I approached her slowly and sat down next to her in the rain. Scarlett sniffed, she was crying. This was first time I had actually seen the tears spill over and I didn't like it.

"What's going to happen to those girls, James?" she asked after about ten minutes. I couldn't answer right away.

"I'm sure that they will go to wonderful homes and good people will make sure good people take care of them." Sucky answer, I know. After doing research on the troop a few nights ago we discovered that their parents had died in a plane crash and they all lived together with the oldest sister who was in her mid-twenties. With a legal guardian, I really wasn't sure what was going to happen to those girls.

"I should have been able to save them-" whispered Scarlett.

"Shut-up," I exclaimed as nicely as I could. I took off my jacket and put it around her bare, wet shoulders. "We can't save everybody, Scarlett. We didn't know their plan, so how were we supposed to stop it?"

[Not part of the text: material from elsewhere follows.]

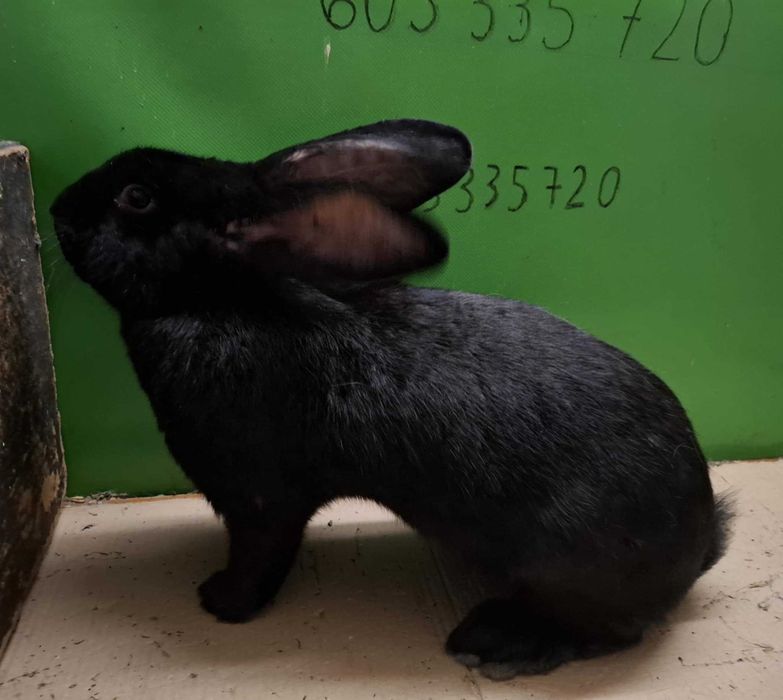 Królik Olbrzym Srokacz Samica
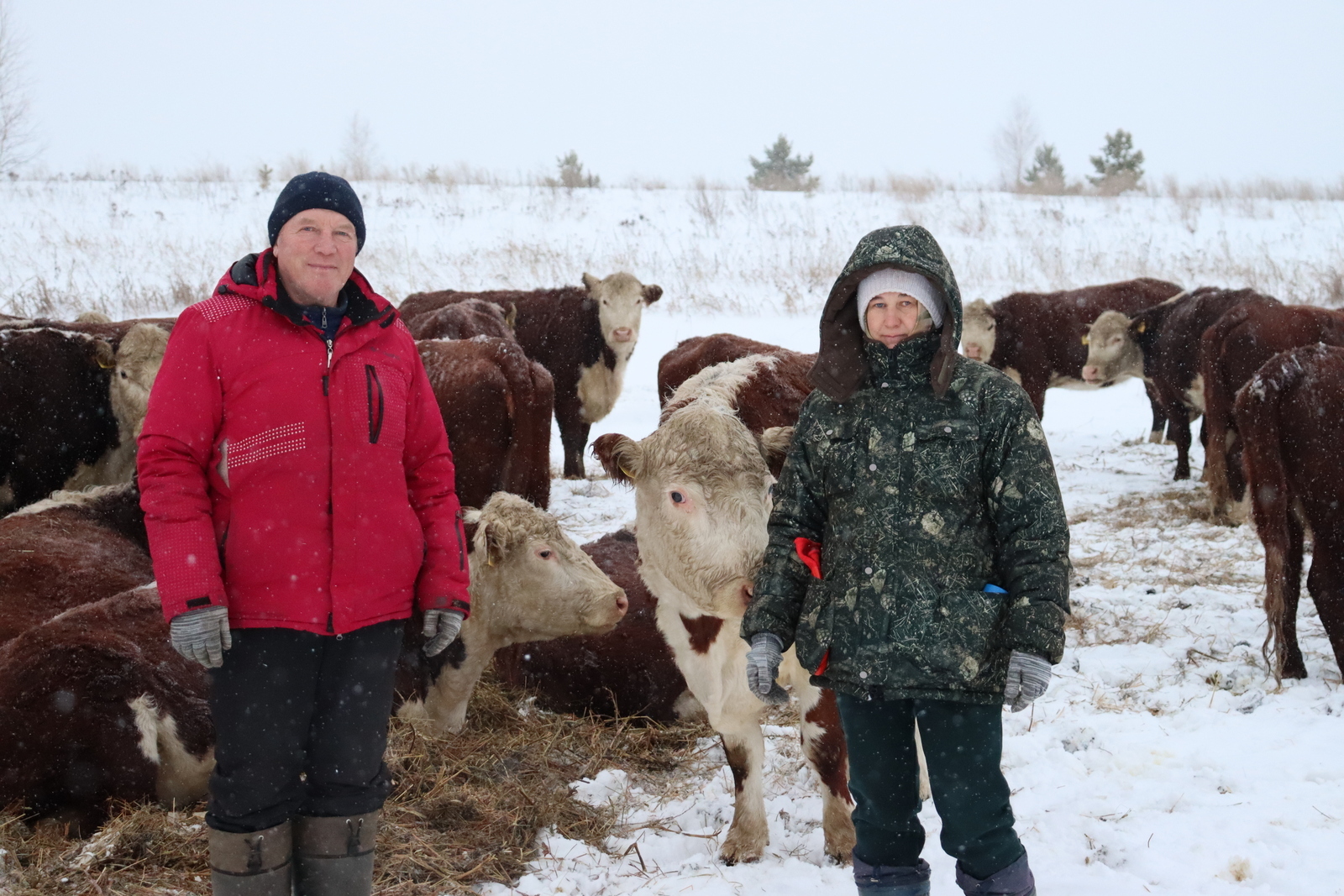 Ит кәрәкһә, килегеҙ!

"I should have seen it coming."

"You were playing dead, you couldn't have seen it without him killing you. If anything I'm sorry I let that bastard anywhere near you."

"He wouldn't have killed me, James. The knew who I was from the minute they laid eyes on me." We were quiet for a moment. The rain water had drenched my button-up and my hair lie flatten on my head. I looked back at Scarlett and recognized the scene. The rain, the stoop, the sad glare into the distance; it was just like the picture of her younger self, except for the dress. "I never knew what he was doing to me," she said.

"What? Who?"

"My father." Scarlett turned her head to look up at me. "He managed to work deduction in everything I did growing up. I never even knew. I think he was training me for this."

"How old were you?" it was a tender subject but my curiosity got the better of me.

"It was a few months after I had turned three," Scarlett answered. "I couldn't believe he was gone. My mind wouldn't process it. Every night leading up to my third year, when I had a nightmare I would walk into his room and get under the covers with him. My dad would hold me close while I lie on his chest, just listening to the beating of his heart. His heart proved to me that he was real, that he would always be there. I remember having a terrible nightmare. The worst one in my life, and when I went to his room and climb under the covers, he wasn't there, James. He wasn't there." She had started to cry again. I put my arms around her, and stroked her hair. She breathed in deeply.

"You're real," she said then Scarlett smiled. "And a damn-good shot, I might add. Where did you learn to shoot like that?"

"Well, when daddy's an ex-army doctor, you tend to log in some hours in the shooting range." I laughed. "I was seven, I think, when my father first took me. That Christmas, I got my very first pistol."

"Most normal children want a bike, you know," Scarlett snorted.

"We are not normal, Scarlett," I said solidly.

"Damn straight."

"So why are we sitting out here again?"

"I can't exactly keep a key in my bra," Scarlett said sarcastically. "Do you have one?"